■ **Problem details**
Print the records exactly and in full, please; the pictures stay out.

■ **Text-to-region grounding data**
──────────────────────────────
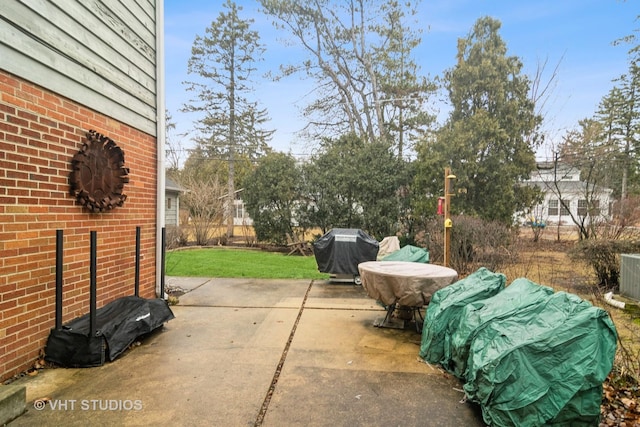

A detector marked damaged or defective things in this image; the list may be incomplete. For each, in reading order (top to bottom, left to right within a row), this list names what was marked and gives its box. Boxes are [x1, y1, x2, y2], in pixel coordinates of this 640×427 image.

rusted metal wall decor [70, 130, 129, 211]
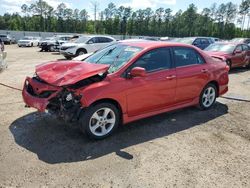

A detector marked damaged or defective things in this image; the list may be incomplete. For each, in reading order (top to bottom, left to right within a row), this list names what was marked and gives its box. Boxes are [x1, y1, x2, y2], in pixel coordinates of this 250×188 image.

crumpled hood [36, 60, 109, 86]
damaged bumper [22, 76, 61, 111]
front-end damage [22, 73, 106, 122]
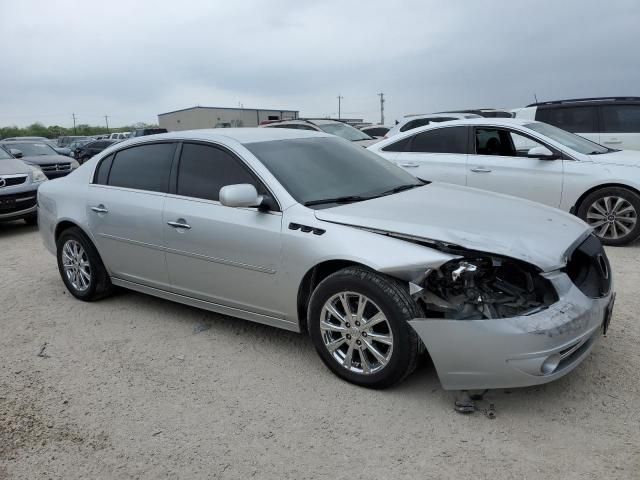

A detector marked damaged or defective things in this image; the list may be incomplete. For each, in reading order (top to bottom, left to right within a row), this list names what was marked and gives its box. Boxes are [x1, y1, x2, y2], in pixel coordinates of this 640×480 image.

damaged silver sedan [36, 127, 616, 390]
crushed front end [408, 235, 612, 390]
cracked bumper [408, 270, 612, 390]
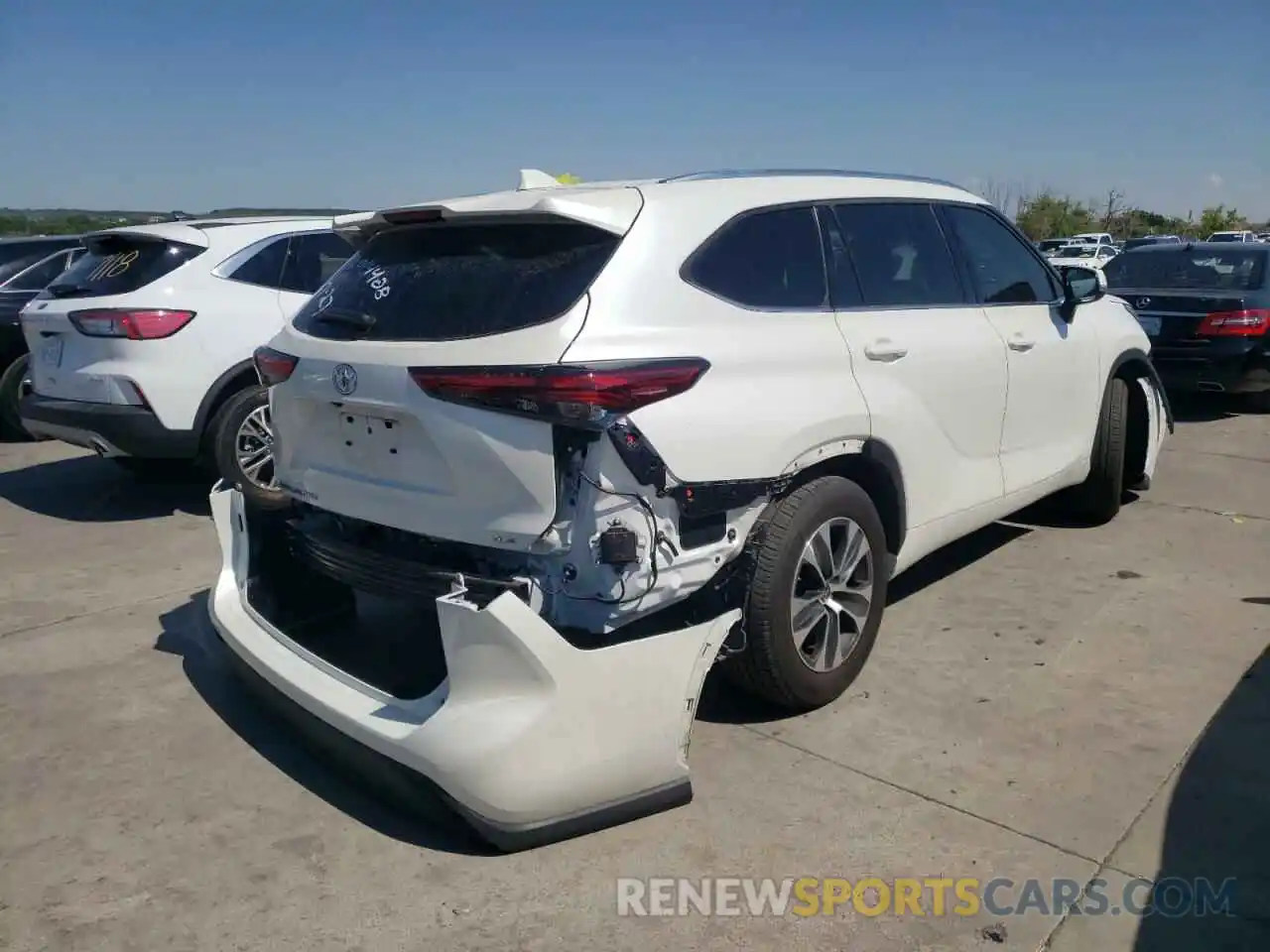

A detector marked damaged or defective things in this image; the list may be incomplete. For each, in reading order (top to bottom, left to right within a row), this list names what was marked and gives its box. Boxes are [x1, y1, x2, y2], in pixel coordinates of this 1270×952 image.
──────────────────────────────
■ **Task answer**
A detector marked damaged or defective things in this image; the list may be incomplete. For each, in reading order (top to bottom, left to right within a row), this list names what was marked and gives its box. Boxes are [x1, y1, x2, y2], in pixel coordinates of this 640×427 image.

rusted metal wall decor [70, 130, 129, 211]

A detector marked damaged or defective things in this image; the list may be incomplete. For each, in reading order (top to bottom, left to right within a row), this list names what was marked and gives its box. Boxes are [x1, y1, x2, y2], in pixel coordinates of this 250×188 image.

crumpled hood [36, 60, 109, 86]
damaged bumper [22, 76, 61, 111]
front-end damage [22, 73, 106, 122]

A detector marked damaged or defective things in this image; the list may be incomplete. For each, in reading order (top to bottom, left to right within a row), this list names what was marked and gives its box. Boxes are [x1, y1, x2, y2], in pixel coordinates of this 640×480 image.

damaged silver sedan [36, 127, 616, 390]
crushed front end [408, 235, 612, 390]
cracked bumper [408, 270, 612, 390]

A detector marked damaged or defective things in this image; the list may be incomplete. For each, in reading order (top to bottom, left to right within a row), this list names what was marked and gives its box. Boxes are [x1, y1, x2, y2], in pixel coordinates of this 1270×952 image.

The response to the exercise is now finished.